Pendekar Pemabuk Chapter 20

NIC

“Kepandaianku biasa saja, mana dapat dibandingkan dengan cici yang benar-benar merupakan Dewi Penyebar Maut? Aku bernama Liok Tin Eng, tidak tahu cici ini bernama siapakah?”

“Namaku Kui Hwa, she Tan. Aku anak murid Hoa-san-pai dan aku paling benci kepada kejahatan. Adik Eng, kau ternyata berhati lemah dan sebenarnya keliru sekali perbuatanmu tadi yang memberi ampun kepada para penjahat. Orang-orang kejam macam mereka itu harus dibasmi, barulah keadaan menjadi benar-benar aman!”

“Akan tetapi, Tan-cici, mereka juga manusia dan kalau kiranya masih dapat diusahakan, lebih baik mengampuni mereka agar mereka berubah menjadi orang baik-baik.”

Kui Hwa tersenyum, lenyaplah sifat galaknya, bahkan dalam pandangan Tin Eng, dara pendekar ini nampak cantik jelita dan manis sekali, pantas disebut Dewi. “Mungkin kau benar, adikku, akan tetapi, lebih besar kemungkinan kau akan kecele, karena biasanya orang yang mempunyai dasar jahat sukar sekali untuk diperbaiki lagi.”

Tin Eng hanya tersenyum saja mendengar pendapat Dewi Tangan Maut itu, tidak mau membantah sungguhpun di dalam hatinya ia tidak setuju dengan pendapat ini.

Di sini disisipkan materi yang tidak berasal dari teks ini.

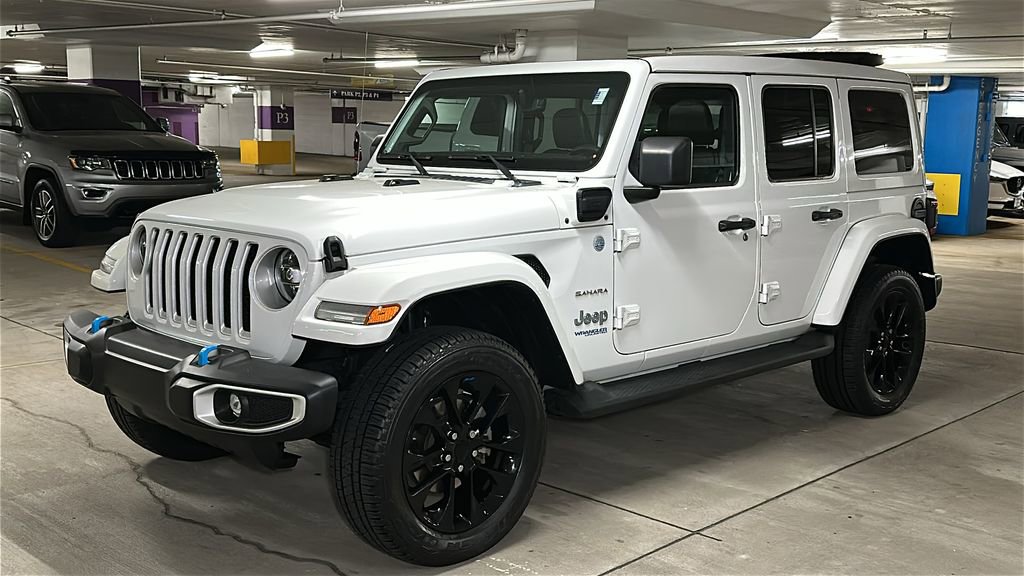 Used 2022 Jeep Wrangler Unlimited Sahara w/ Cold Weather Group AWD/4WD image 2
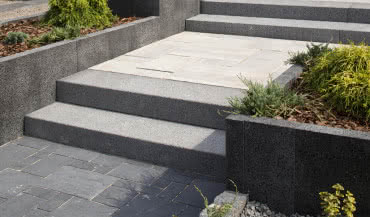 Schody do ogrodu - jakie wybrać?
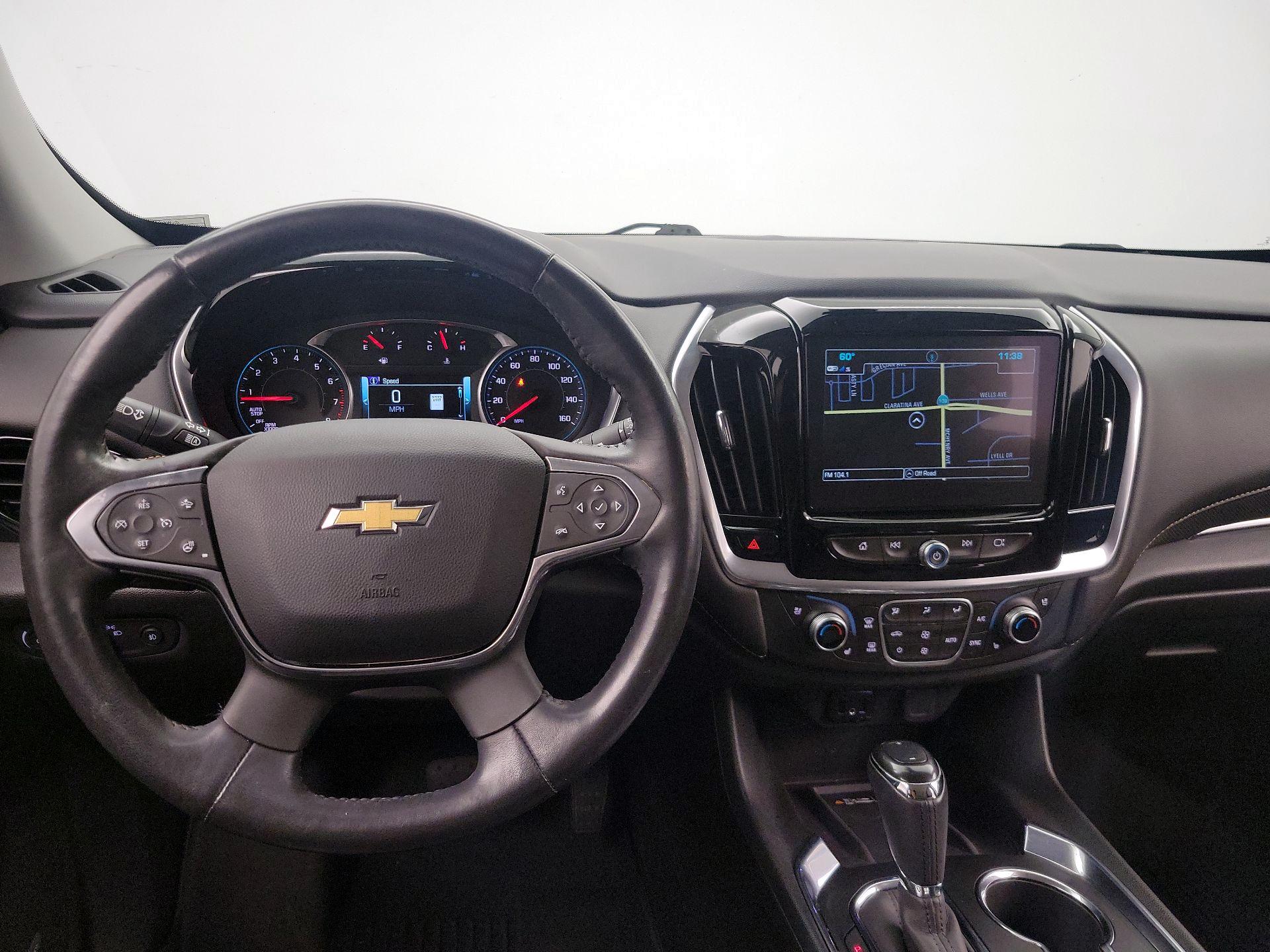 Thumbnail: 2018 Chevrolet Traverse - 9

“Adik Tin Eng, sebetulnya kau hendak ke manakah maka sampai bisa datang ke tempat ini?” tanya Kui Hwa yang ramah tamah.

“Aku hendak menyewa perahu ke Ki-ciu. Telah lama aku mendengar keindahan Ki-ciu dan ingin merantau ke sana meluaskan pengalaman. Kebetulan sekali aku bertemu dengan gerombolan Layar Hitam sehingga kalau seandainya cici tidak datang turun tangan, tentu aku pun akan bertempur dengan mereka.” Tin Eng lalu menceritakan tentang pertempurannya dengan seorang anggauta Layar Hitam yang kasar tadi.

Si Dewi Tangan Maut mengangguk-angguk dan berkata, “Memang tadi telah kulihat betapa lihainya ilmu silatmu. Aku ingin memperkenalkan kau kepada kawan-kawanku dan biarlah lain kali kita bertemu pula.”

Kemudian Tin Eng menyewa perahu Layar Hitam yang paling baik dan dua orang anggauta Layar Hitam yang telah berubah amat baik dan menghormati sikapnya, lalu mendayung perahu itu ke tengah sungai. Setelah tiba di sungai, layar dikembangkan dan perahu kecil itu melaju menuju Ki-ciu.

Benar saja, pemandangan alam di kanan kiri sungai itu amat indahnya sehingga Tin Eng merasa gembira sekali. Terutama apabila ia teringat kepada Dewi Tangan Maut yang kini telah menjadi seorang kenalan baik. Ia merasa kagum kepada nona pendekar itu dan hatinya makin gembira apabila ia ingat bahwa di dalam perantauan ini ia tentu akan bertemu dengan orang-orang gagah seperti nona she Tan itu. Ia sama sekali tidak pernah menduga bahwa pada waktu itu Bun Gwat Kong, pelayannya yang menjadi biang keladi perantauannya ini sedang menuju ke Kang-lam untuk mencari Tan Kui Hwa atau Dewi Tangan Maut yang menjadi puteri dari musuh besarnya.

Juga gadis ini tidak pernah menduga bahwa ia sedang berada di dalam bahaya dan bahwa ucapan Dewi Tangan Maut tadi yang menyatakan bahwa penjahat-penjahat itu patut dibasmi karena dasarnya jahat akan tetap jahat! Karena di luar persangkaannya, kedua orang anggauta Layar Hitam yang kini mengemudi perahu yang ditumpanginya ternyata mengandung maksud jahat terhadap dirinya.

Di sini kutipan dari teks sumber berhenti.